Berry Plastics ponders strategies

Berry Plastics Corp., owner of Packerware Corp. in Lawrence, says it is “exploring strategic alternatives” that could include selling the company or taking it public, all with the intent of maximizing shareholder value for its owners.

Berry has been exploring the possibilities for at least several weeks and has yet to make any decisions through the process, the company said.

“The company offers no assurance that any transaction will occur or, if one is undertaken, its terms or timing,” the company said, in a statement. “The company does not expect to publicly disclose developments with respect to the exploration of strategic alternatives.”

Earlier this year, Berry received approval from the Lawrence City Commission for a 10-year, 90 percent abatement on property taxes for a planned $118 million expansion of its Packerware plant in Lawrence. The project calls for adding 78 jobs at the plant during its first three years, a number that would be expected to grow to 154 by the end of year five.

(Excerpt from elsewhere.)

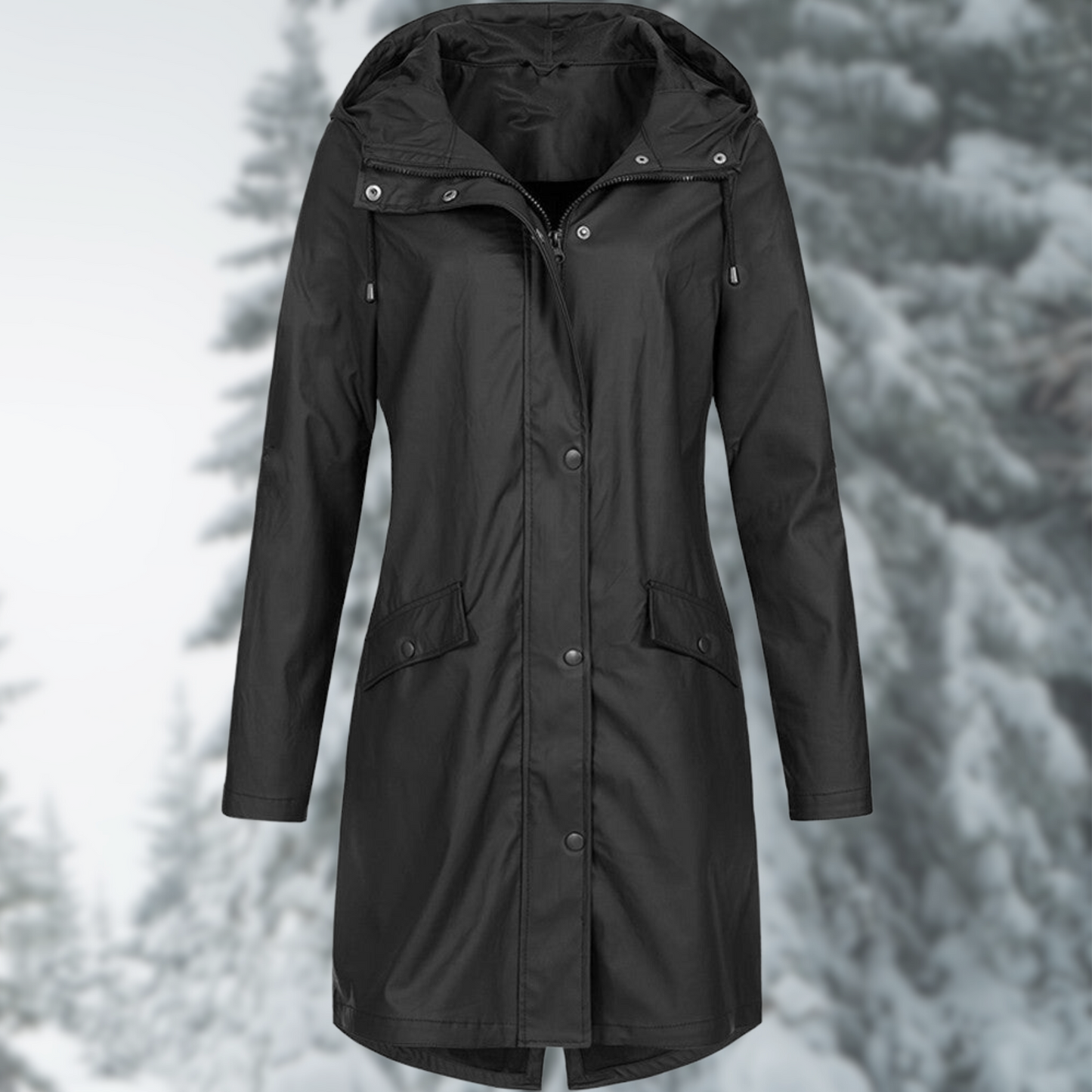 Esther | Chaqueta impermeable con capucha y bolsillos — 2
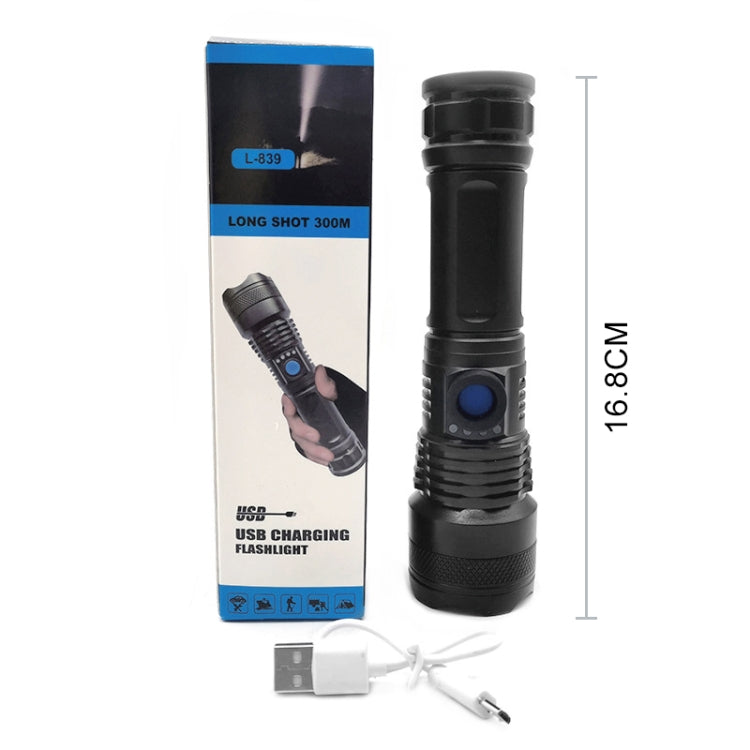 L-839 Torcia LED portatile XPE Glare con faretto ricaricabile tramite USB, L-839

Nothing has changed since commissioners approved the project in January, said Robert Weilminster, Berry’s vice president for corporate development.

“The Lawrence project is moving ahead, just as it has been outlined,” Weilminster said Tuesday.

The project calls for upgrading the plant’s technology so that Packerware could use less plastic in its manufacturing of drink cups, kitchenware, garden tools and other products.

Berry Plastics Corp., owner of Packerware Corp., is considering various options to maximize shareholder value. Among the options are a possible sale or taking the company public. Packerware employs about 450 workers at this 470,000-square foot plant at 2330 Packer Road in Lawrence.

The plant produced $79.4 million worth of products in 2004.

The company plans to start hiring 43 employees for the project no later than the third quarter of this year, and to have a new line of cups running by the end of the year.

Berry, based in Evansville, Ind., is a manufacturer of molded plastic products. It is a portfolio company of Goldman Sachs Capital Partners and JP Morgan Partners, part of an investment group known as BPC Holding Corp.

In its statement, Berry said it had retained Goldman Sachs and JP Morgan as its financial advisers to assist in exploring strategic alternatives.

Earl Kemper, principal for Plastics Research Associates, an independent market research firm in Houston, said that such alternatives could include selling portions of the company, or selling to a single buyer who then might consider splitting the company.

Kemper said he could not think of a U.S. plastics company that would be a likely candidate for buying Berry with the intent of maintaining all of its holdings.

“It may be worth more broken apart than put together,” said Kemper, who declined to speculate on a possible sales price.

Taking the company public might make more sense, he said, given that the overall plastics market was growing slightly faster than the overall economy.